This could still become a problem (if each dependency statically bundles its own dependencies) if any of the types are exposed in an API. For example say there is a Twitch and Facebook SDK that both expose a SetUserProfile(Image) function, and Image is provided by a third library (that is used by both SDKs).

If both SDKs use different versions of the Image library, the internals of the Image struct may have changed (maybe they added support for black and white images). Even though the change may be backwards compatible at a source code level, an Image struct v1.15 wouldn't work as an Image struct v1.16 unless it had the same internal private fields (and they were used in the same way).

Now, your code that loads an Image from disk can't work. It will either use v1.15 and be compatible with Twitch, or use 1.16 and be compatible with Facebook, but not both.
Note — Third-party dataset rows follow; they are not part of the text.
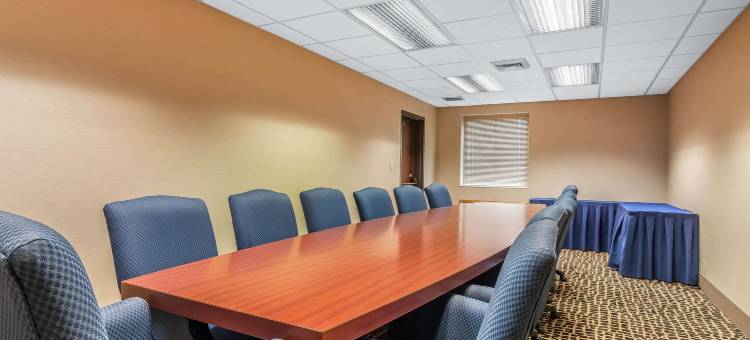 克里夫兰机场舒适酒店(Comfort Inn Cleveland Airport)图片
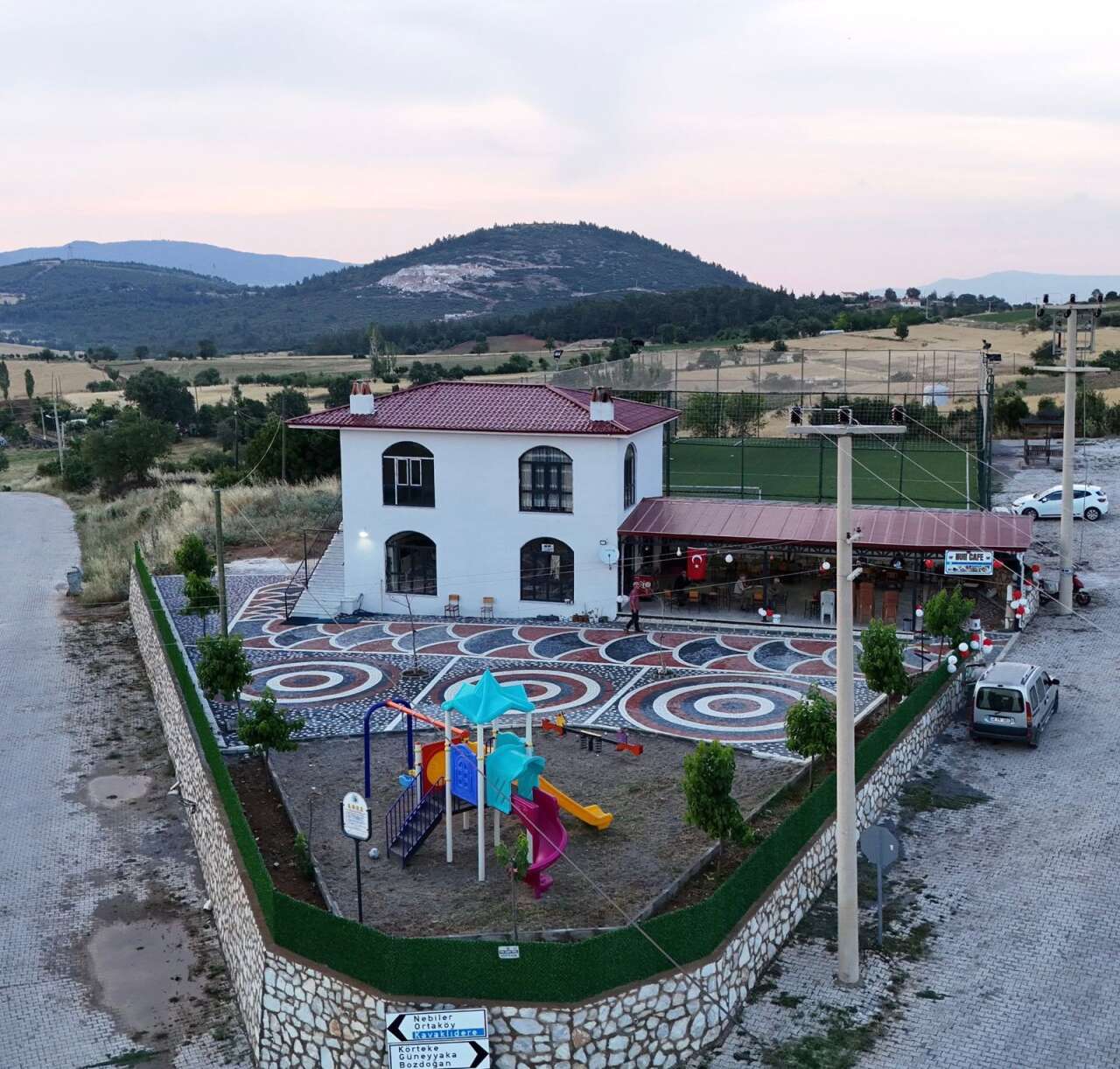 Kavaklıdere'de Yeni Sosyal Yaşam Alanı Nur Cafe Hizmete Açıldı 3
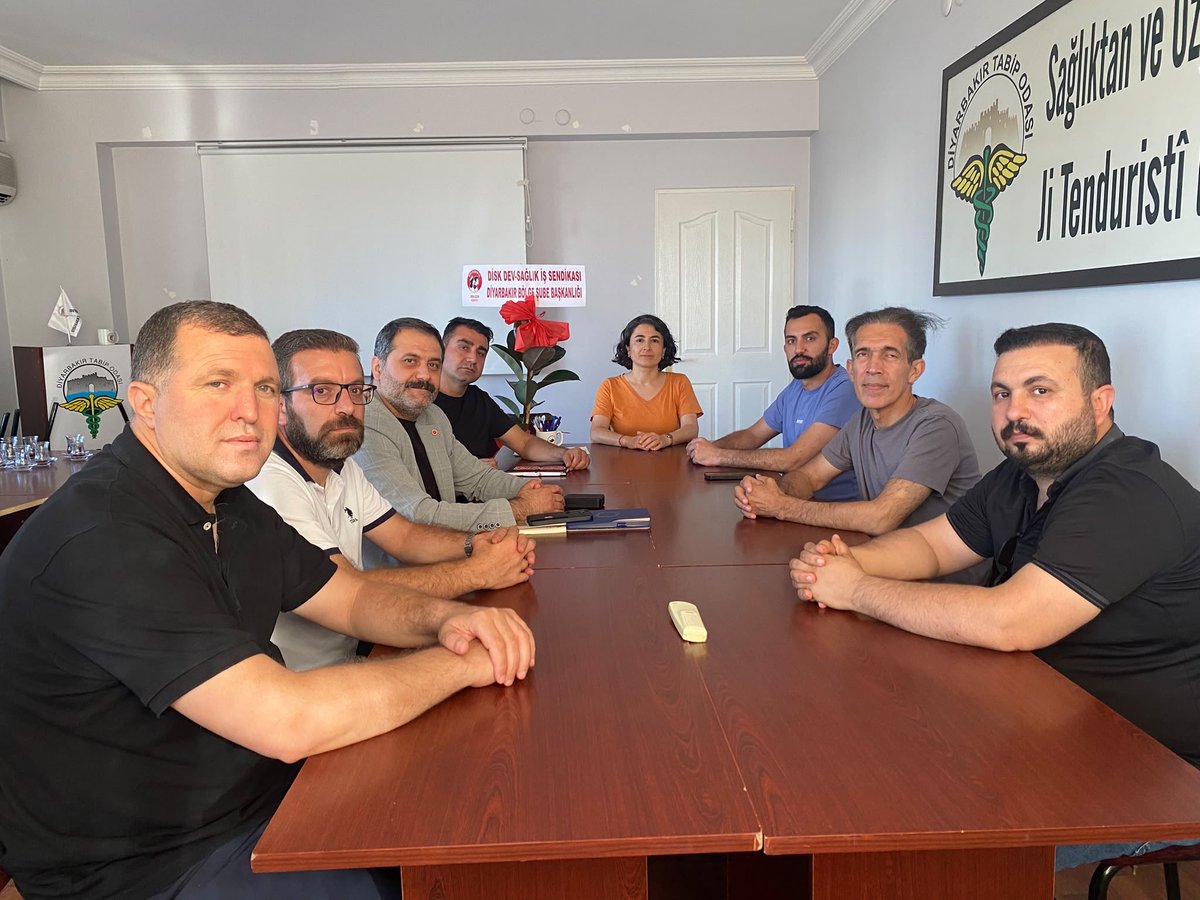 diyartabip's tweet photo. DİSK Devrimci Sağlık-İş Bölge Yönetimi, bu akşam odamıza bir nezaket ziyaretinde bulundu. Ziyaret sırasında, özel hekimlik alanında yürüttüğümüz çalışmaları kendileriyle paylaştık; odamızın her zaman örgütlenmeden yana olduğunu ve sendikalaşmayı desteklediğini vurguladık.
Nazik ziyaretleri için teşekkür ediyor, çalışmalarında başarılar diliyoruz.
A shared dependency works around this issue as long as the changes are backwards compatible - in this case Go would see that the minimum required version is v1.16 and both SDKs (and your code) would use that (or a newer version if you list it as a requirement).


The problem also happens in static linking, this is as old as the library concept.

For example, the public symbols of the libraries might collide, they might have side-effects that misbehave because there are multiple versions, they can rely on yet on another library that can actually only be linked exactly once, ....


Isn't that just a 'bug' in the algorithm for code-layout - that the symbol names weren't unique enough or something? This would require some breaking-changes in the way libraries are laid out and linked against, but basically you "should" be able to statically compile a dependency and then effectively hide all the symbols from its dependencies so nothing else knows how to link against them directly.


Am I over simplifying things in the article to say

"At some point you cannot transparently support multiple target platforms"

we are all used to different builds for intel, ARM, 32/64 etc. why should we be surprised to see Azure and AWS as fundamentally incompatible.

I mean I know i was horrified when I grepped my nose dependancies to find 900+ packages, but i was pleased to find i had a clear version number on each of them. (Yes I am hand-waving what the depenancy manager resolves which is I guess the point of this post in some manner, but the post here seemed to be saying when you have incompatible requirements you are stuffed. And yes, that's true. So don't have transitive errors - this is only a problem for package maintainers not for developers, and so i suspect is a package aggregation problem?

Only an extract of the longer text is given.